◆ Aim of the task:
Search the listing below for the line containing "آپارتمان ۵۷ متری". From there through the line containing "Photo - Bellaire", transcribe every line exactly, both ends included.

◆ Extracted entries:

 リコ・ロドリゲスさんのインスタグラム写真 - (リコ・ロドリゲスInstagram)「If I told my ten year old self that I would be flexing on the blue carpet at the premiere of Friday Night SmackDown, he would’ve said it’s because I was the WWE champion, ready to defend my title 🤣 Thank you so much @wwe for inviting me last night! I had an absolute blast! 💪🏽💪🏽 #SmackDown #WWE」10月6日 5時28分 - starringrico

---

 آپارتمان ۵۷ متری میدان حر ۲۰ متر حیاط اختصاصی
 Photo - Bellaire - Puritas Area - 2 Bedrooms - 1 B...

◆ Result for this exercise:
 آپارتمان ۵۷ متری میدان حر ۲۰ متر حیاط اختصاصی
 Photo - Bellaire - Puritas Area - 2 Bedrooms - 1 B...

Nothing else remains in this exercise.